===== DATA SHOWN =====
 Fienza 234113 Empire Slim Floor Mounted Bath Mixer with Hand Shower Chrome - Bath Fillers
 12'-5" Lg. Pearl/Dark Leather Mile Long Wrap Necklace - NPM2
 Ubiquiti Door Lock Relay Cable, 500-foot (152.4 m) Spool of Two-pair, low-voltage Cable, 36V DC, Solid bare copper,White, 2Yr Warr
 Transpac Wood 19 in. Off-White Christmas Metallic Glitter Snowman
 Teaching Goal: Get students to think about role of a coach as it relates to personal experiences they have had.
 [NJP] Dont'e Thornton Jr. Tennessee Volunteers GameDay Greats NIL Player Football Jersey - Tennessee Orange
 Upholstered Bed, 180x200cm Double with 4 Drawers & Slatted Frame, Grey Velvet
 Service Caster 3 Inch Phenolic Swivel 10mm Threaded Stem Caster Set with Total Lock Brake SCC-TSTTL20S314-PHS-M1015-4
=====
■ **EXERCISE OBJECTIVE**
Repeat exactly, and only, the run of lines from the start of the material above through the line that holds "Teaching Goal: Get".

■ **TASK SOLUTION**
 Fienza 234113 Empire Slim Floor Mounted Bath Mixer with Hand Shower Chrome - Bath Fillers
 12'-5" Lg. Pearl/Dark Leather Mile Long Wrap Necklace - NPM2
 Ubiquiti Door Lock Relay Cable, 500-foot (152.4 m) Spool of Two-pair, low-voltage Cable, 36V DC, Solid bare copper,White, 2Yr Warr
 Transpac Wood 19 in. Off-White Christmas Metallic Glitter Snowman
 Teaching Goal: Get students to think about role of a coach as it relates to personal experiences they have had.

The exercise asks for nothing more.